## Given data
+ + + + + + +

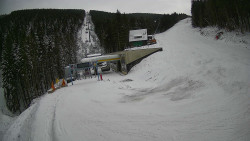 Modrá sjezdovka - dojezd k lanové dráze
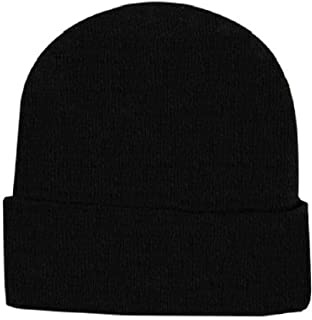 Children's Kids Girls Boys Thermal Lined Plain Black Hat Stretchy Beanie Hat 5 to 10 Yeas Approx Size for Winter Autumn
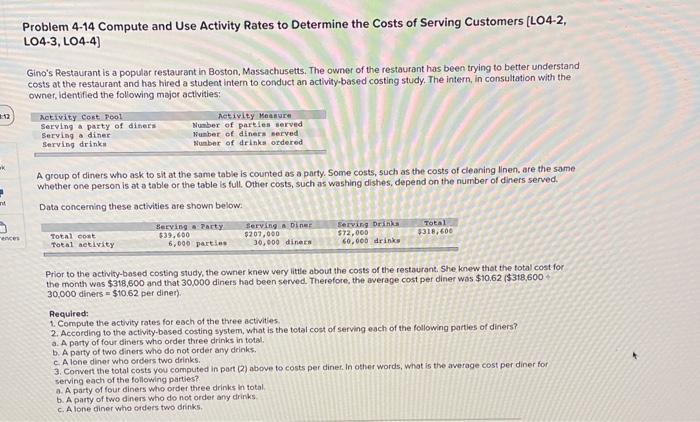  Problem 4-14 Compute and Use Activity Rates to Determine the costs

+ + + + + + +

Leaving the pictures out, print every line of the listing exactly.

## Response area
 Modrá sjezdovka - dojezd k lanové dráze
 Children's Kids Girls Boys Thermal Lined Plain Black Hat Stretchy Beanie Hat 5 to 10 Yeas Approx Size for Winter Autumn
  Problem 4-14 Compute and Use Activity Rates to Determine the costs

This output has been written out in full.